Pada peluit akhir, setelah memarahi penggantinya karena melepas baju olahraga mereka yang siap untuk merayakannya, reaksi pertama Klopp adalah menemukan Pochettino dan benar-benar menghiburnya secara menyeluruh, berempati dengan manajer yang kalah pada akhirnya, seperti yang telah dilakukan Klopp sendiri berkali-kali. . Sebagai runner-up sebelumnya bersama Liverpool di Liga Champions, Liga Europa, Piala Liga, dan Liga Premier, dia telah merasakan pahitnya gagal. Mungkin Anda belum, dan mungkin tidak akan pernah, tetapi Anda bisa belajar dari kelasnya.
Mungkin tergoda untuk terseret pada saat Anda telah bekerja sangat keras, atau bahkan menikmati sedikit schadenfreude pada kemalangan si pecundang, tetapi hal-hal ini terjadi dengan cepat dalam sepakbola. Semua arogansi akan dijadikan motivasi dalam pertandingan ulang yang tak terhindarkan. Dan selain itu, sepak bola bukanlah tentang menang, dan dikotomi palsu tentang kemuliaan atau kematian. Punya hati untuk mereka yang gagal. Lain kali mungkin Anda. Ketidakpastian itu adalah salah satu hadiah terbesar sepakbola. Hormatilah lawan Anda, dan sepak bola akan menjadi yang utama, seperti biasanya, selalu harus.
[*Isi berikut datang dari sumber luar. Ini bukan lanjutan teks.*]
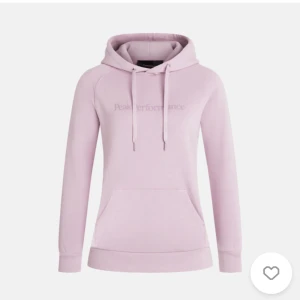 Peak Performance Hoodie - Rosa peak performance hoodie, knappt använd därav säljer jag den. Nypris 1200kr skriv för egna bilder🫶🏼
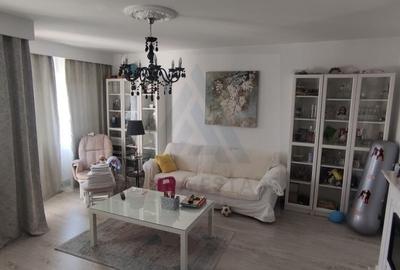 Apartament cu 3 camere decomandat, mobilat în Vest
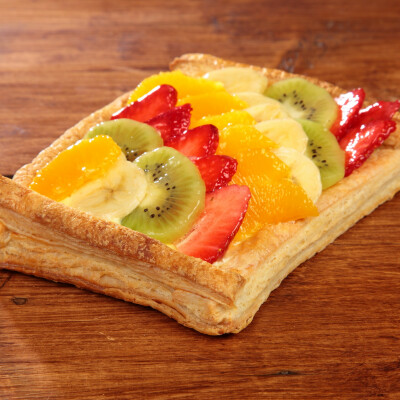 Crostata di sfoglia alla frutta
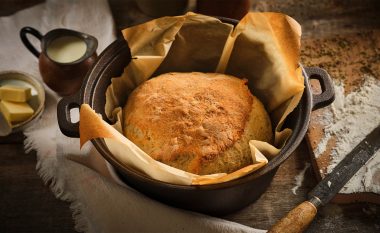 Bukë e gatuar në shtëpi me kefir: Qëndron e freskët deri në pesë ditë!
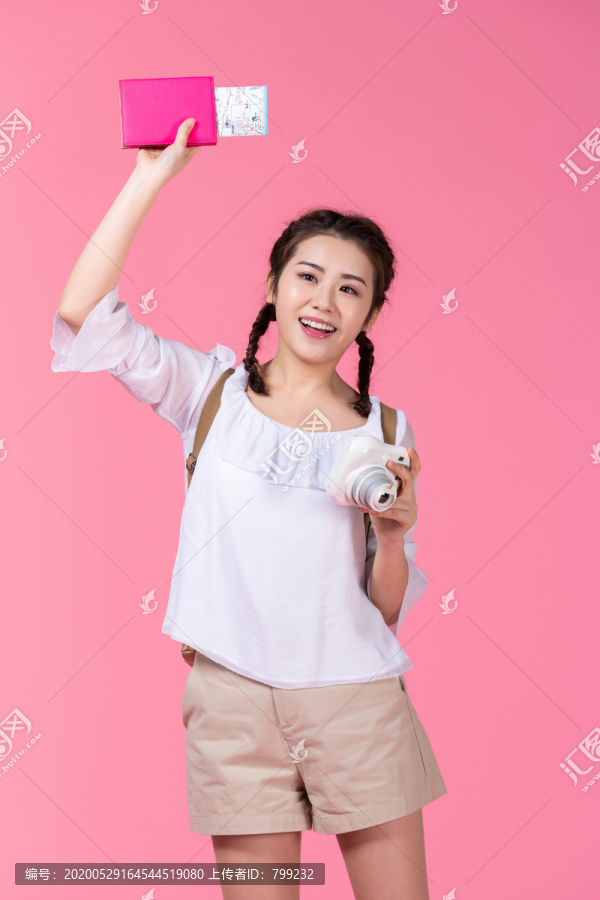 棚拍夏日造型年轻女子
Gary Parkinson adalah seorang jurnalis dan pelatih. garyparkinsonmedia.com
Jika Anda menikmati posting ini, bacalah kami Pemain Favorit kami tahun 2010-2019, Pemain Favorit kami tahun 2000-an or Tujuan Favorit kami tahun 2000-an.
Hak Cipta Gambar: © Getty Images. Semua gambar disematkan dalam perjanjian Getty Images T & Cs.
Mencari tahu lebih lanjut tentang Pelatihan Penutup?